*Task details*
Without any of the pictures, set down the data below exactly.

========

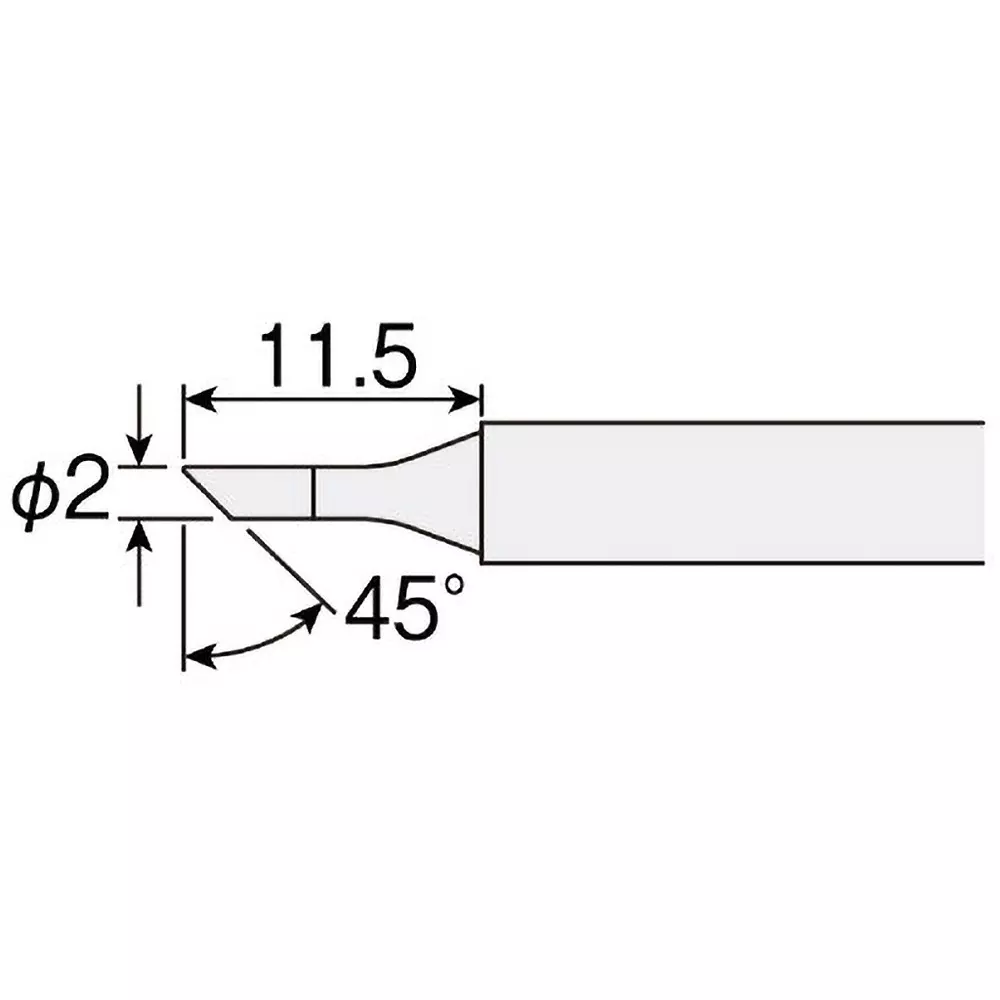 hozan-bit-correspondence-c-type-for-hs-51-hs-51c02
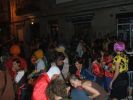 080726_Entroido_Quente_64.JPG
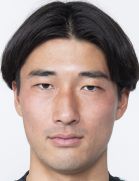 Kota Kaneko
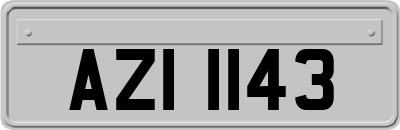 AZI1143
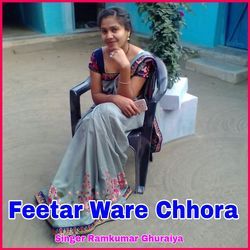 Feetar Ware Chhora-HzkNRhgFY1U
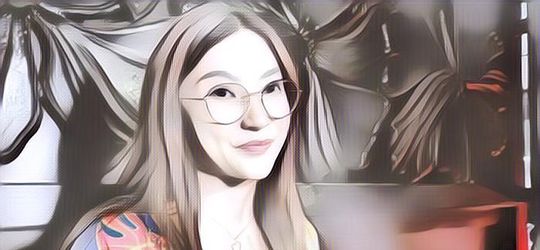 Sarwendah Diduga Menggugat Ruben Onsu, Begini Penjelasannya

========

*Output*
 hozan-bit-correspondence-c-type-for-hs-51-hs-51c02
 080726_Entroido_Quente_64.JPG
 Kota Kaneko
 AZI1143
 Feetar Ware Chhora-HzkNRhgFY1U
 Sarwendah Diduga Menggugat Ruben Onsu, Begini Penjelasannya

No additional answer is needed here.